Querying MG4J is easy if you already used
a text-indexing system. The simplest possible query is a single term,
e.g., class
: the answer that you will obtain by such a
query is the set of all documents (in our case: all files among those that
have been indexed) that contain the word class
(or any
other uppercase/lowercase variant thereof).
There are several additional operators you might want to try:
AND:
writing more than one term (separated by
whitespace) means that you want to look for documents that contain
all the specified words (not necessarily in the
same order or consecutively); for example, the query
InputStream Reader encoding
means that you want to
look for documents that contain all the given
words; you can convey the same meaning by using the
operator &
(a.k.a. AND
),
thus writing InputStream & Reader &
encoding
instead;
OR:
if you want to write a disjunctive query
you can use the operator |
(a.k.a. OR); thus, for
example, the query InputStream | Reader | encoding
means that you are looking for documents that contain any of
the given words;
NOT:
you can use the operator ! (a.k.a. NOT)
to mean negation; thus, for example, the query InputStream
& !Reader
means that you are looking for documents that
contain the first term but not the second;
phrase: you can force consecutivity by using quotation marks;
thus "InputStream Reader"
means that you want to
look for documents that contain these two words
consecutively;
proximity restriction: you can limit your search to documents
where the words you are searching appear within a limited portion of
the document; this is done with the tilda operator; for example,
(InputStream Reader)~5
means that you are looking
for documents where the two given words appear (in any order) within 5
words from each other;
ordered AND:
writing more than one term
separated by <
will find documents containing
the given terms in the specified order.
wildcard search: you can perform wildcard searches by appending
* at the end of a term; for example, term*
will
look for documents containing "term", "terms", "termed" and so
on.
parentheses: you can use parentheses to enforce priority when
building complex queries; parentheses are not needed in many cases,
but they are necessary, for example, when a boolean query is written
within a phrase; for example, if you want to look for the word
InputStream
followed by Reader
or Writer
, you will enter the query
"InputStream (Reader | Writer)"
.
index specifiers: prefixing a query with the name of an index
followed by a colon you can restrict the search to that index. The
name of an index is by default the name of the field that it has
indexed, so title:Reader
will search for
Reader
just in titles.
range queries: if you created an index containing
payloads (dates, integers, etc.) you can perform
range queries using square brackets and two dots: for instance,
assuming the existence of a field date
the query
[ 20/2/2007 .. 23/2/2007 ]
will search for
documents whose date is between 20 February and 23 February 2007,
inclusive.
MG4J will emphasise intervals satisfying the query. By clicking on the link of a document, the document will be opened in the browser.
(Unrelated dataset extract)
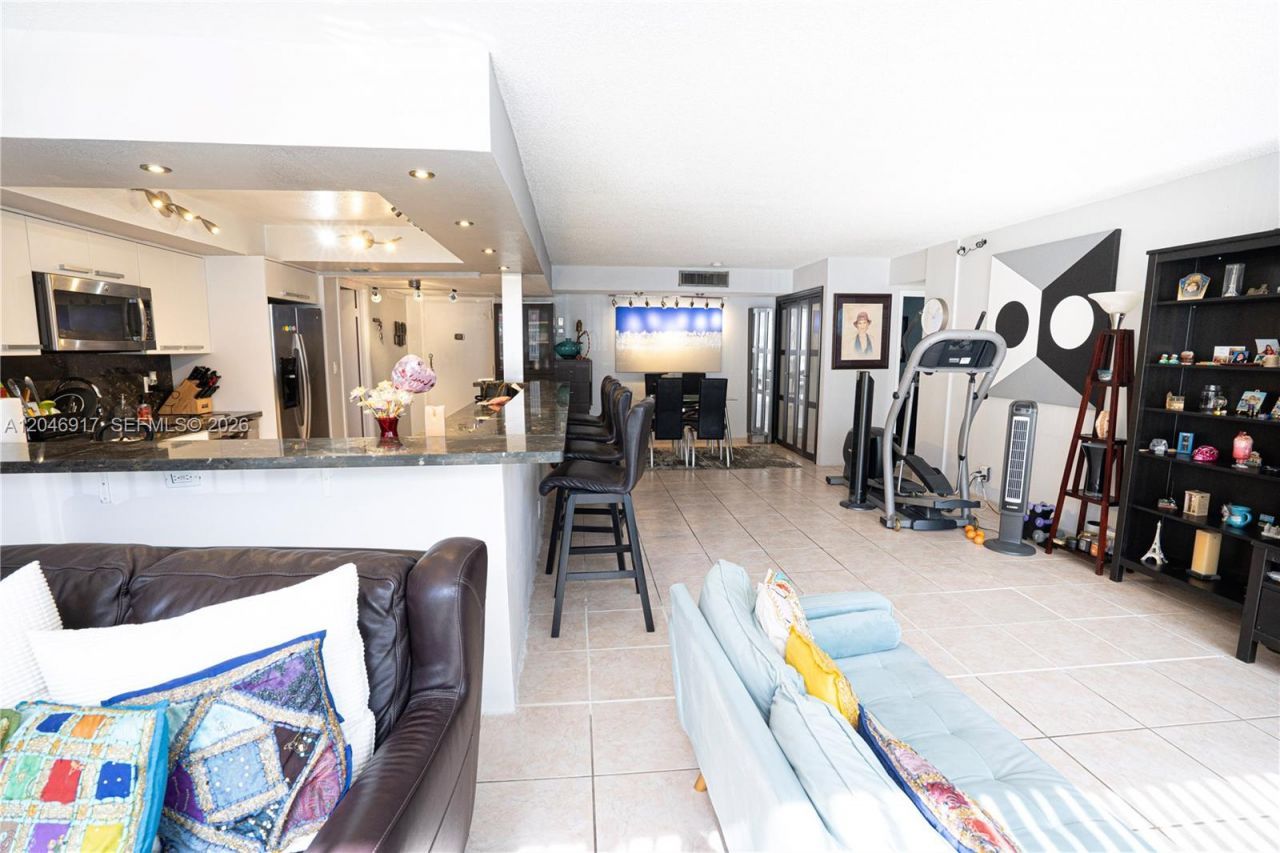 601 Three Islands Blvd , Unit 117, Hallandale Beach, FL 33009 Photo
The description we have just given just scratches the surfaces of
the queries you can write with MG4J: all the
operators can be freely combined, obtaining very sophisticated constraints
on the documents returned. More information on this topic can be found in
the documentation of the package
it.unimi.dsi.mg4j.search
.
MG4J actually provide very sophisticated query tuning. In particular, it provides scorers, which let you reorder the document satisying a query depending on some criterion. To use this features, you must use the command line interface, albeit all settings will be used for the subsequent web queries.
Type $
to get some help on the available
options. A basic command is $mode
, which lets you
choose the kind of result: just the document number and title, the
intervals, snippets and so on. Some options require a full index and a
collection (for instance, snippets). The most interesting command,
however, is $scorer
, that lets you choose a scorer
for your documents. For instance,
$score BM25Scorer VignaScorer
reproduces
the standard settings, using a BM25 scorer and a scorer that shows
firsts documents satisfying your queries more frequently and in smaller
intervals, linearly combined with equal weight. Scorers are described in
the documentation of the package
it.unimi.dsi.mg4j.search.score
.
When you use a scorer, it is a good idea to use multiplexing: when multiplexing is on, each query is multiplexed to all indices (by default, a query is directed to the first index specified on the command line). Just type
$mplex on
Of course, you can always choose a specific index with the colon notation. You can also change the weight of your indices (which is particularly useful when multiplexing):
$weight text:1 title:3
In this
way, weight-based scorers will usually consider the
title
field three times more important than the
text
field.
You can also change the way snippets (or intervals) on display are chosen: MG4J provides an interval selector, a class that will try to choose the best intervals to be shown. You can set the maximum length of an interval, and the maximum number of intervals:
$selector 3 40
will show at most three intervals, and intervals longer than 40 characters will be broken. All these changes are reflected in the web interface.
If you want to learn more about query resolution, you should have
a look at the documentation of the class
it.unimi.dsi.mg4j.query.QueryEngine
, which
embodies all the logic used to answer queries in MG4J.